The failure of revolutions in Germany and Hungary in the 1918–1920 years ended Bolshevik hopes for an imminent world revolution and led to the promotion of the doctrine of socialism in one country by Joseph Stalin. In the first edition of his book titled Osnovy Leninizma, Stalin argued that revolution in one country is insufficient. By the end of that year in the second edition of the book, he argued that the "proletariat can and must build the socialist society in one country". In April 1925, Nikolai Bukharin elaborated on the issue in his brochure titled Can We Build Socialism in One Country in the Absence of the Victory of the West-European Proletariat?, whose position was adopted as state policy after Stalin's January 1926 article titled On the Issues of Leninism was published. This idea was opposed by Leon Trotsky and his supporters, who declared the need for an international "permanent revolution" and condemned Stalin for betraying the goals and ideals of the socialist revolution. Various Fourth Internationalist groups around the world who describe themselves as Trotskyist see themselves as standing in this tradition while Maoist China formally supported the theory of socialism in one country.
European social democrats strongly support Europeanism and supranational integration within the European Union, although there is a minority of nationalists and Eurosceptics on the left. Several scholars have linked this form of left-wing nationalism to the pressure generated by economic integration with other countries, often encouraged by neoliberal free trade agreements. This view is sometimes used to justify hostility towards supranational organisations.
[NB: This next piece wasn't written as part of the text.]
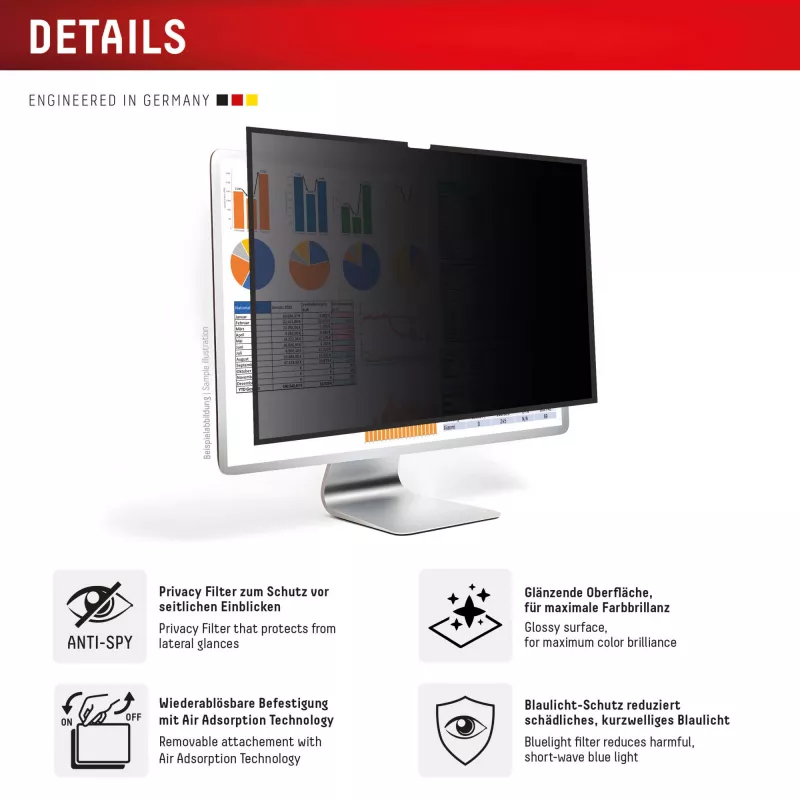 Displex PRIVACY SAFE odnímateľný obojstranný filter proti videniu pre Studio Display 27 palcov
Left-wing movements have often taken up anti-imperialist positions. Left-wing nationalism also can refer to any form of nationalism which emphasises a leftist working-class populist agenda that seeks to overcome exploitation or oppression by other nations. Many Third World anti-colonialist movements have adopted leftist and socialist ideas. Third-Worldism is a tendency within leftist thought that regards the division between First World and Second World developed countries and Third World developing countries as being of high political importance. This tendency supports decolonisation and national liberation movements against imperialism by capitalists. Third-Worldism is closely connected with African socialism, Latin American socialism, Maoism, pan-Africanism and pan-Arabism. Several left-wing groups in the developing world such as the Zapatista Army of National Liberation in Mexico, the Abahlali baseMjondolo in South Africa and the Naxalites in India have argued that the First World and the Second World Left takes a racist and paternalistic attitude towards liberation movements in the Third World.